Joaquín Ruiz Lorente se hizo cargo del equipo desde la primera jornada. Y desde el primer momento, tuvo claro una cosa: había que jugar con los pívots. Y con ellos, a la antigua usanza. En la pasada temporada, uno de los puntales de la plantilla hasta que emigró a Grecia, fue Gheorgi Shermadini. Su juego de bloqueo y continuación, con su estatura y rapidez, dio muchos y buenos réditos al club zaragozano. Ahora tocaba tirar de la vieja escuela de pívots: jugar con ellos al poste. La ilusión por comenzar “sano” de Henk Norel, bastión en las cercanías del aro antes de la lesión, era perfectamente cumplimentada con alguien polifuncional como Marcus Landry, capaz de lanzar triples, de ser un alero y con los recursos y el cuerpo como para ser un ala-pívot y tener también su manual de juego interior. Ambos perfectamente complementarios, ambos titulares en la mayoría de las ocasiones.

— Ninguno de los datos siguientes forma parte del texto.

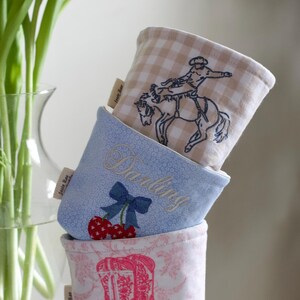 Peut inclure: Trois contenants en tissu empil&eacute;s. Le sup&eacute;rieur pr&eacute;sente un motif &agrave; carreaux beiges et blancs avec un cow-boy &agrave; cheval. Le milieu est bleu clair avec le mot "Darling" brod&eacute;, un n&oelig;ud et des cerises. Le bas a un motif floral rose avec une botte de cowboy rose.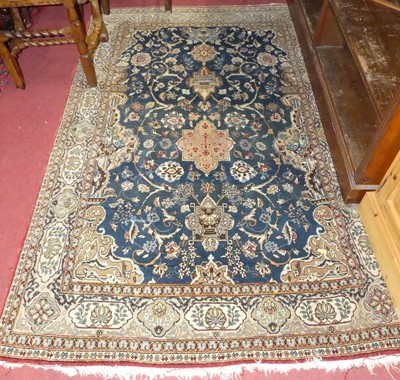 Lot 1162 - A Persian woollen blue ground Qum rug, 210 x...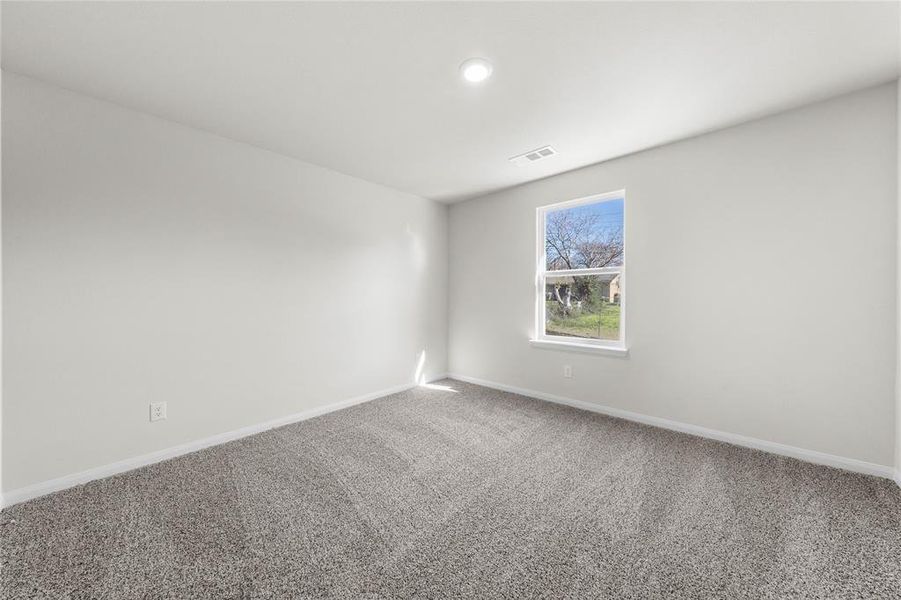 Carpeted spare room featuring visible vents and baseboards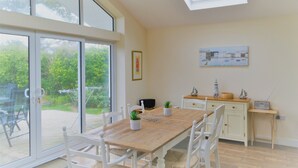 Un coin repas avec une table en bois, des chaises blanches, une porte vitrée donnant sur un jardin, un petit meuble avec une radio et un tableau accroché au mur.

Lo bueno es que, intentando redundar en tal faceta, se contrataron dos pívots para salir desde el banquillo, que juntos, han dado un sello de identidad al cuadro caísta: Katic & Jelovac. Si saliendo de rotación, se han convertido en dos de los hombres más importantes del plantel, es que con ellos, algo funciona.

¿Que si funciona? Cuando ambos están en pista, el baloncesto de CAI Zaragoza parece un juego de escuadra y cartabón: miden rectas, líneas de pase, ángulos… es una maravilla. Rasko Katic se ofrece como un jugador de poste bajo resolutivo en uno contra uno, potente y contundente, que sabe usar los pies y proteger los tiros como para hacer daño a un metro del aro. Y sabe ganar la posición. Stefan Jelovac, en cambio, es el jugador de poste alto perfecto: móvil, amenazador y excelente tirador exterior, que puede entrar a canasta y notable pasador al poste bajo cuando está en la bombilla. Verles cómo se van colocando ambos en la pista de ataque y uno ya intuye en destrozo que pueden hacer. Pase a uno u a otro. Dentro o fuera. Katic se la pasará a Jelovac o Jelovac a Katic. Pueden alternar sus posiciones incluso. Ellos dos siempre están preparados y colocados para recibir.

¿Que si funciona? Pues revisando la web baloncestostatsacb.es, hay datos que confirman que, efectivamente, su juego sí funciona. Si en el quinteto en pista cuentan con un tirador de larga distancia (como el caso de Chris Goulding) y el director de juego sea Pedro Llompart (ya que hablamos de juego de pívots a la antigua usanza, usemos bases que dominan esos “viejos testamentos”), con facilidad en poner balones a los hombres altos, pueden anotar 11 puntos más que el rival (quinteto Katic-Jelovac-Goulding-Tomás-Llompart) o 6 puntos, si los aleros son Sastre y Jason Robinson. O sea, que como segunda unidad, aunándoles los componentes adecuados, tienen un valor tremendo. Tal aportación desde el banquillo tiene un valor incalculable.

Pero por encima de números, me quedo con esa perfección en saber colocarse, en estar siempre en condiciones de recibir, de amenazar. Un baloncesto que, viniendo de la escuela balcánica, parece que desempolvemos la teoría de aquellos Cosic, Radovanovic, Boban Petrovic o Knego, que siempre nos embaucaron, envidiamos e intentamos importar. De momento, lo que CAI Zaragoza ha importado es buen baloncesto con ellos. Baloncesto de escuadra y cartabón.